-- WORK ORDER --
Beneath this line are entries. Copy the range from the line with "Kitchen View Stained" to the line with "2 Seater Eva Grey Velvet Sofa Bed", ends included, exactly; leave pictures out.

-- DATASET ENTRIES --
# # # #
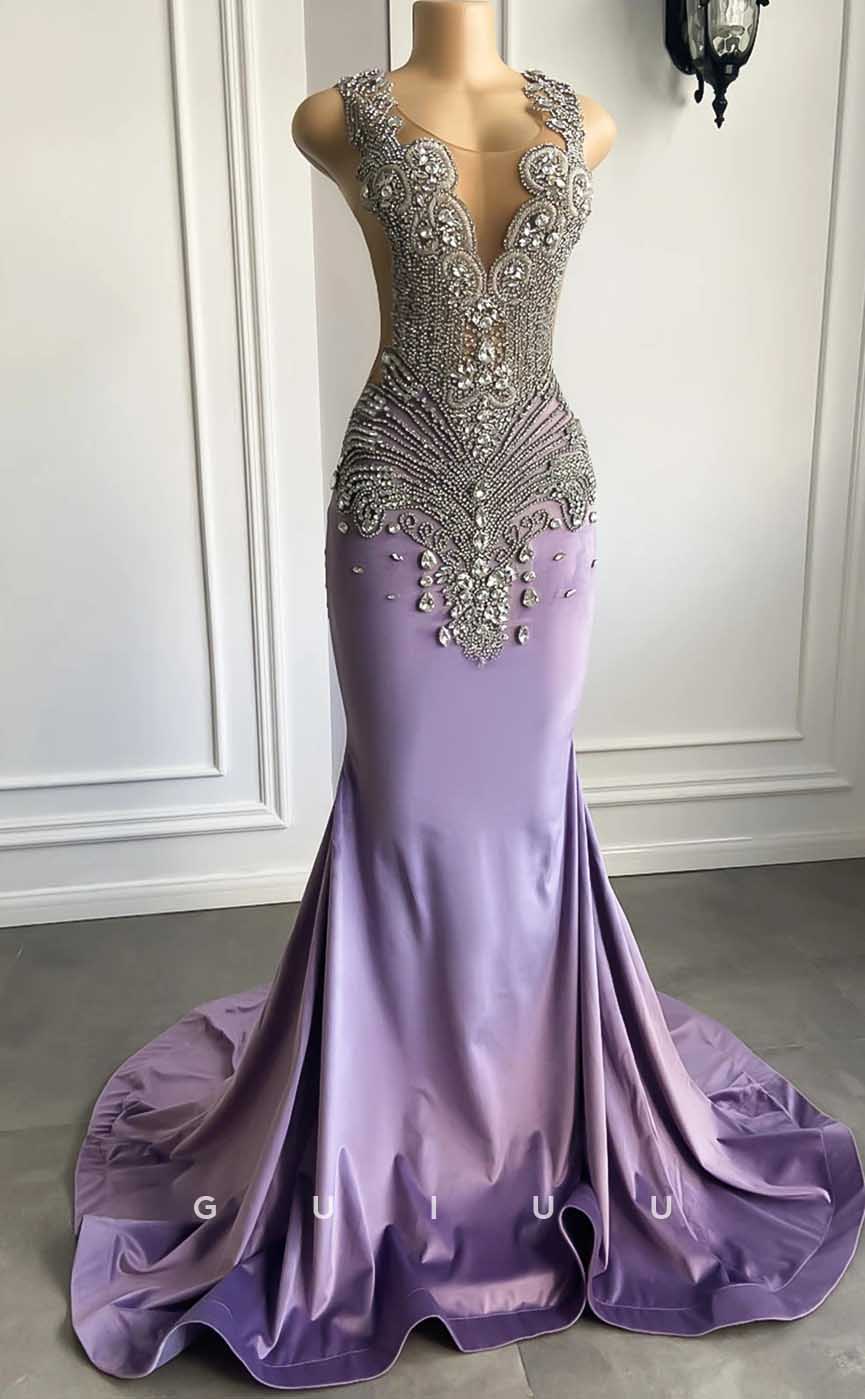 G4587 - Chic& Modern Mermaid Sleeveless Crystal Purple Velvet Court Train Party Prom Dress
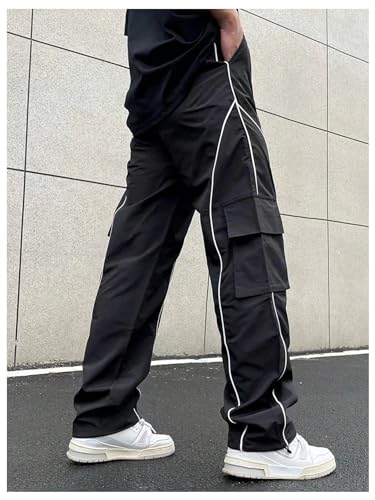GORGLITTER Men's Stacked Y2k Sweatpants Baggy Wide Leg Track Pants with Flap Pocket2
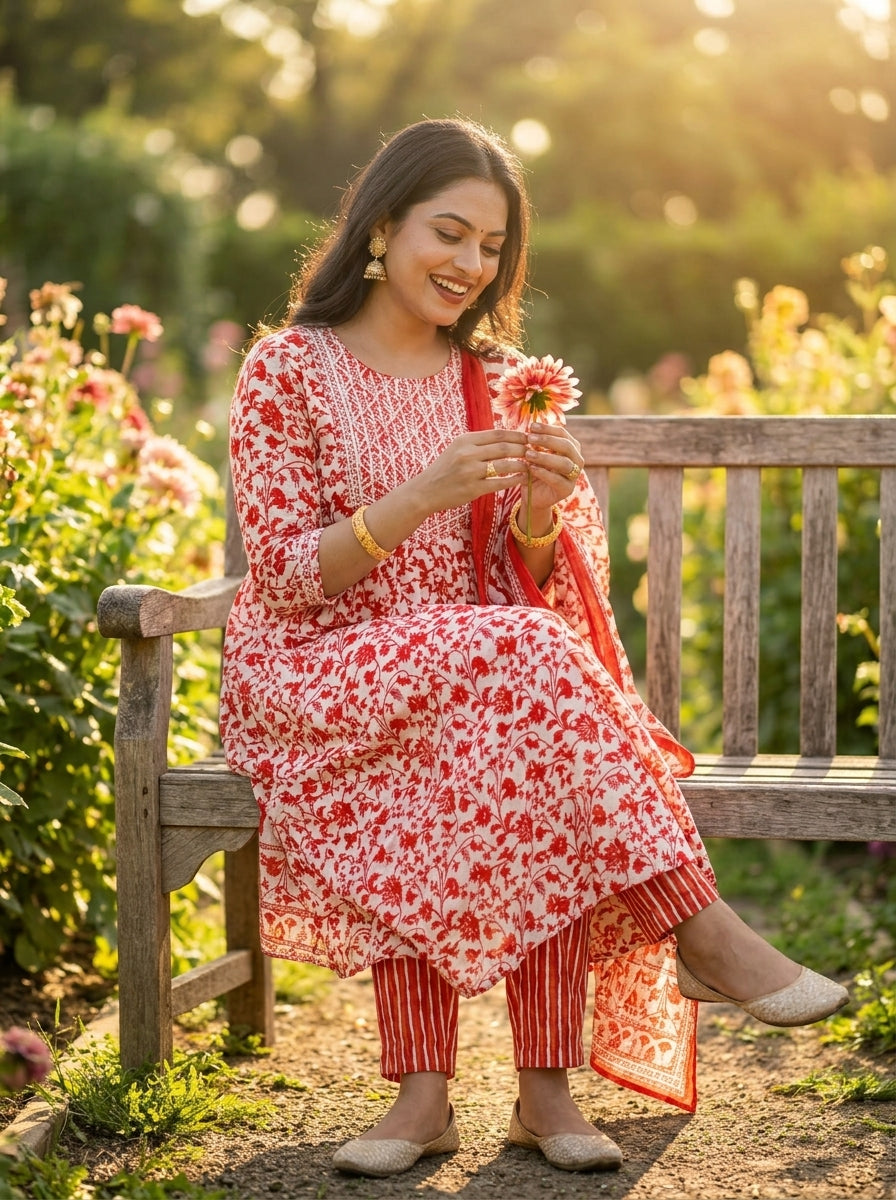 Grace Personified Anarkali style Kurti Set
# # # #
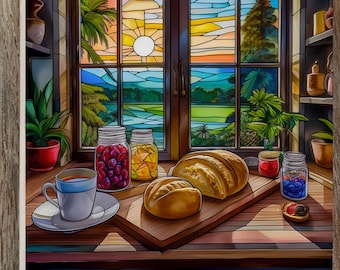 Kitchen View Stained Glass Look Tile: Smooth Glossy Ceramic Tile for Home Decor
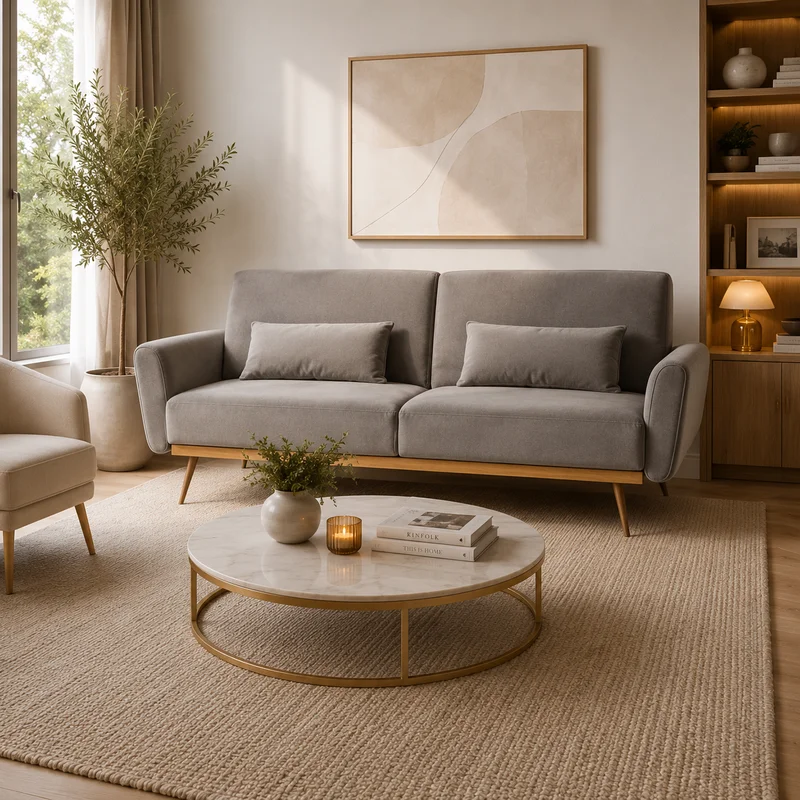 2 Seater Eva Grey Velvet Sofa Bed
# # # #
-- SOLUTION --
 Kitchen View Stained Glass Look Tile: Smooth Glossy Ceramic Tile for Home Decor
 2 Seater Eva Grey Velvet Sofa Bed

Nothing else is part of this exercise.